LISTED RECORDS:
◆ ◆ ◆

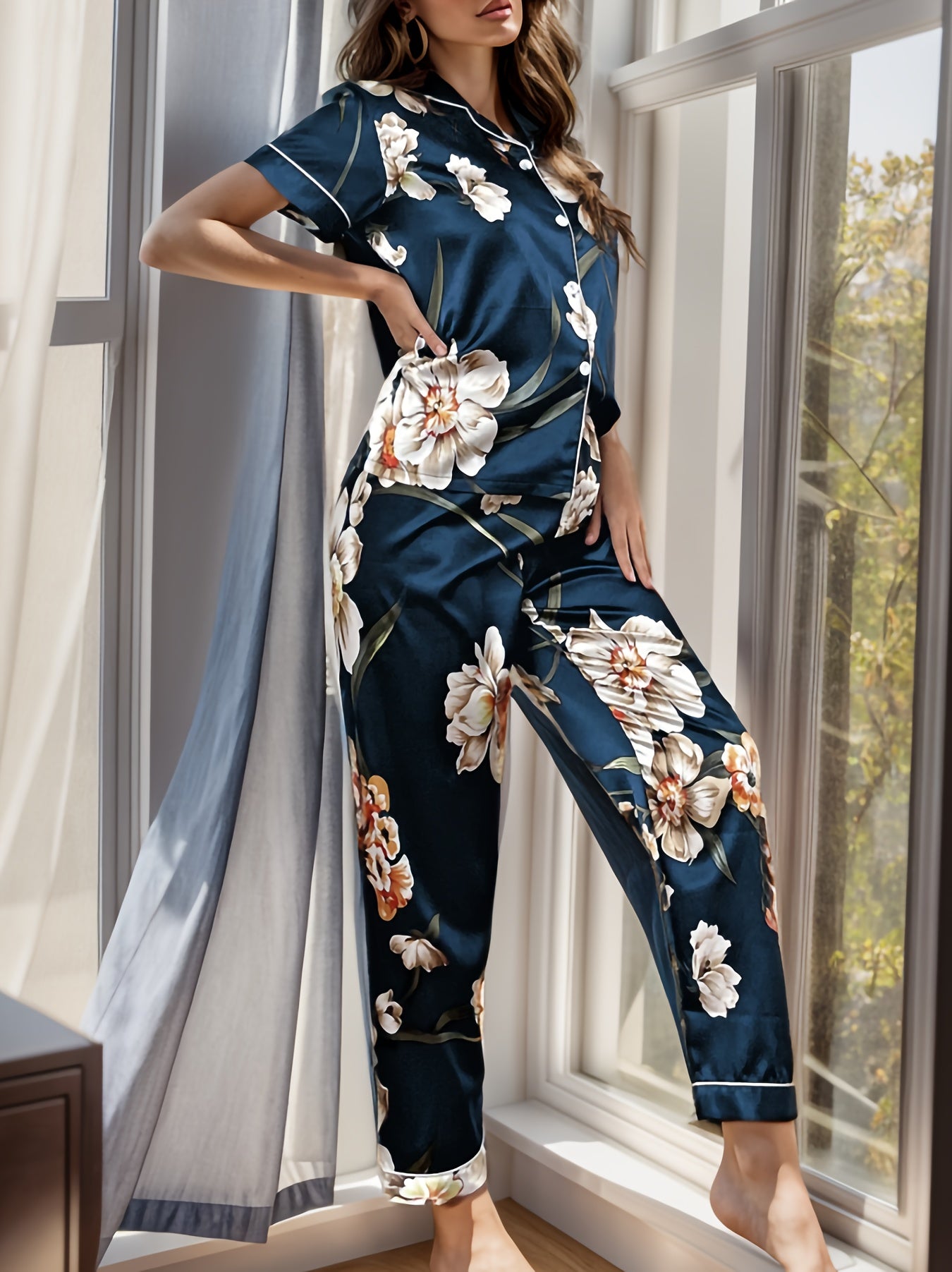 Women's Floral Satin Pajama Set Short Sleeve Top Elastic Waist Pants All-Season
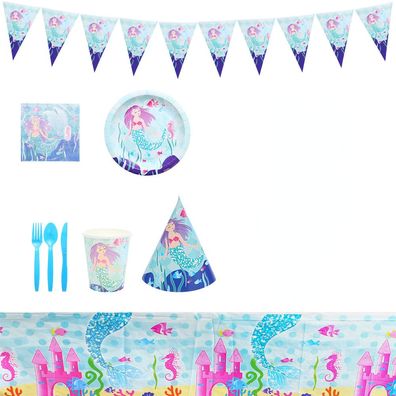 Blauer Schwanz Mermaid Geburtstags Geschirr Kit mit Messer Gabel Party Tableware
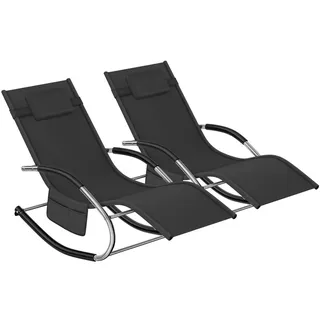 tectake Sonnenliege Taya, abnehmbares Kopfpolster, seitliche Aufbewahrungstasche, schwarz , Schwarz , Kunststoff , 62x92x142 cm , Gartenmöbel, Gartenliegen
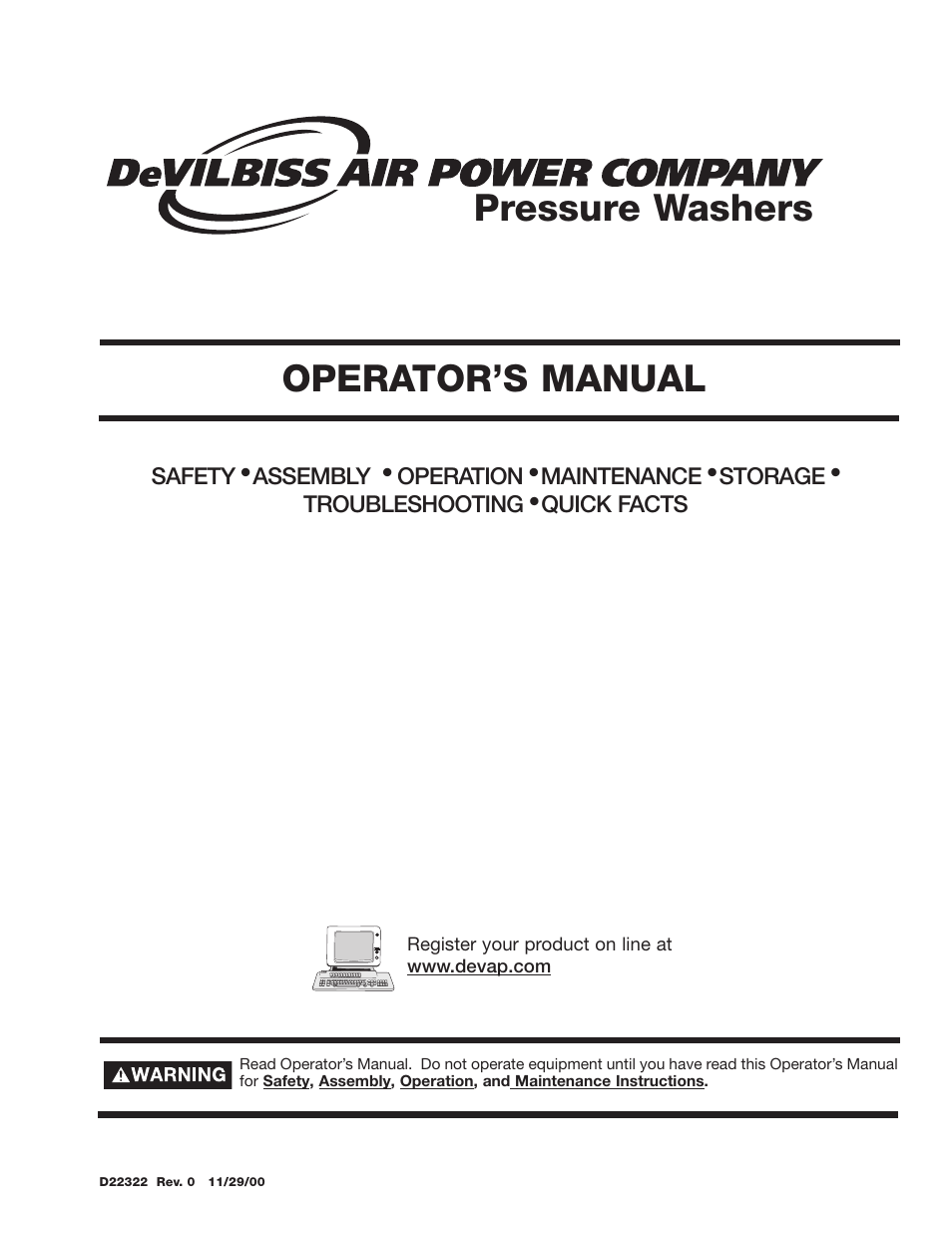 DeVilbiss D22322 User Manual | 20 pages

◆ ◆ ◆

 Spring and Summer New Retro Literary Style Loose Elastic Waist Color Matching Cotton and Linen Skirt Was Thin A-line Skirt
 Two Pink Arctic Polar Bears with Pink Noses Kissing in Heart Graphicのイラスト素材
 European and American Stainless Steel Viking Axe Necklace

◆ ◆ ◆

WHAT YOU HAVE TO DO:
Once the line with "Women's Floral Satin" has been found above, output that line and every later line exactly, stopping after the line with "Blauer Schwanz Mermaid", and omit the pictures.

ANSWER:
 Women's Floral Satin Pajama Set Short Sleeve Top Elastic Waist Pants All-Season
 Blauer Schwanz Mermaid Geburtstags Geschirr Kit mit Messer Gabel Party Tableware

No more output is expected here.